Bush e a "direita cristã"
11/11/2004
- Opinión
Está na hora de se comentar um pouco a vitória de Bush, que
desapontou tanta gente. Entre os três fatores decisivos (a
direita cristã; o grande negócio; o neo-conservadorismo) que o
levaram à presidência, quero comentar um pouco o primeiro (a
direita cristã), pois é nesse nível que podemos fazer algo, no
ambiente em que vivemos.
Há sem dúvida uma ascensão da direita cristã que se alastra
tanto no catolicismo como no protestantismo, e nisso colaborou
certamente o longo pontificado de João Paulo II. A eleição
americana mostra com clareza como pode ser perigoso lutar por
'valores morais' de duvidoso conteúdo (contra aborto, contra
casamento entre homossexuais, etc.), sem distinguir com clareza
esse tipo de 'moral' do imperativo ético que é fundamental no
evangelho: 'ama o próximo' ('ama o homossexual, ama a mulher que
pratica aborto', etc.). Recentemente, o bispo católico de
Colorado denunciou publicamente 'qualquer político católico'
(Kerry é católico) que 'apóia uma legislação a favor do
aborto'. Colocado assim, de forma tão ambígua, essa denúncia é
um exemplo da confusão em que nossas igrejas estão nos metendo.

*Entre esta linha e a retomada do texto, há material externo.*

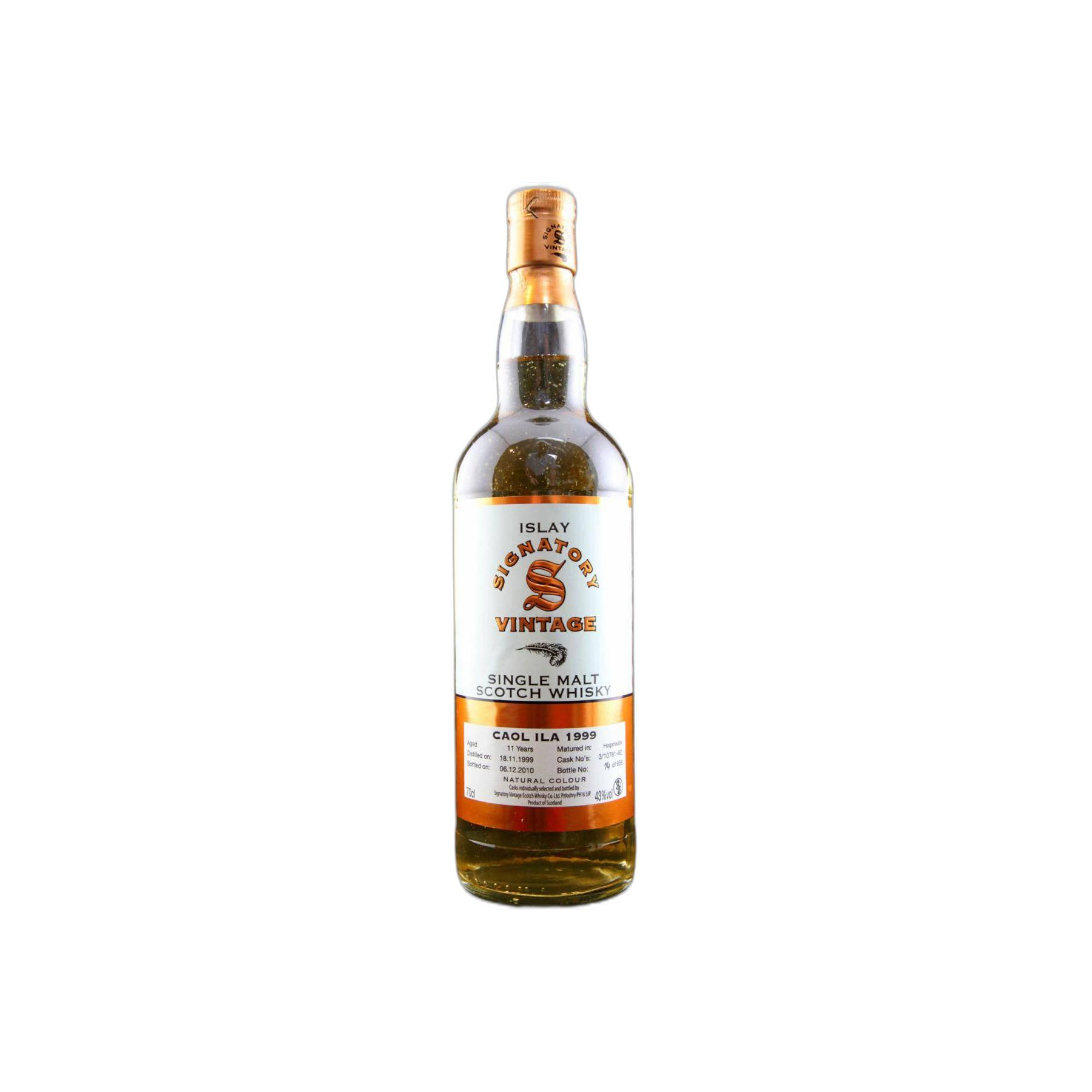 Caol Ila Vintage Collection 1999 11 Years Single Malt Whisky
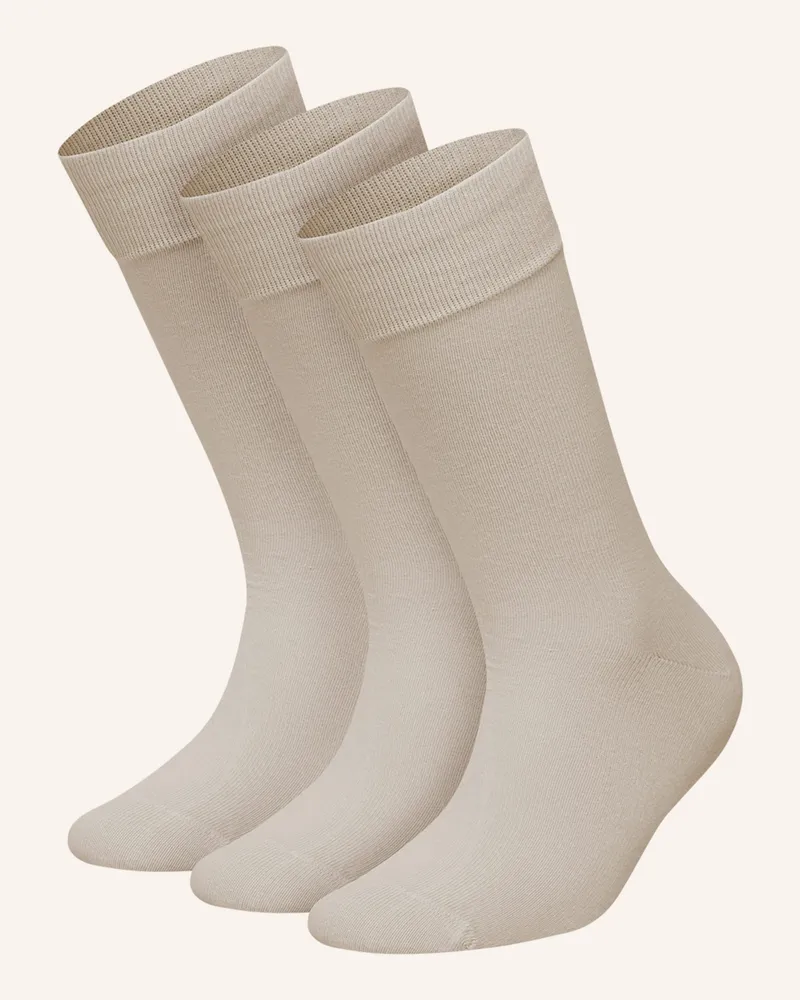 DillySocks 3er-Pack Socken One Color Smooth beige Beige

O fato é que 50 % dos votos católicos foram para Bush (um
recorde histórico!), apesar do fato que ele passa por cima de
valores éticos cristãos fundamentais: não matar inocentes, não
guerrear sem ser atacado, não confundir as mentes, dizer sempre
a verdade ('sua palavra seja sim, sim..'), não desprezar o
pobre, a viúva, o órfão, etc.
Samuel Huntington, o autor de 'Clash of Cultures', vem dizendo
desde a queda do muro de Berlim em 1989 que, terminada a '
guerra fria', ia começar a guerra mundial entre culturas. Dez
anos atrás ele apontava o Islã como protagonista nessa guerra,
mas hoje ele aponta a 'direita cristã' como a maior ameaça à
paz mundial. Isso é novo. A eleição de Bush vem confirmar a
análise de Huntington: são exatamente os imigrantes latino-
americanos católicos nos EEUU que oferecem seus votos ao
guerreiro Bush.
O Vaticano ainda não reagiu diante da gravíssima acusação
contida na análise de Huntington (será que um dia vai reagir?):
a orientação conservadora do papa e do Vaticano é mais
responsável pelos perigosos descaminhos de hoje que a aparente
postura do papa a favor da paz faria supor. Não basta falar em
'paz, paz, paz', é preciso ver quais os mecanismos que levam à
guerra, quais são os que levam à paz, distinguir entre ambos.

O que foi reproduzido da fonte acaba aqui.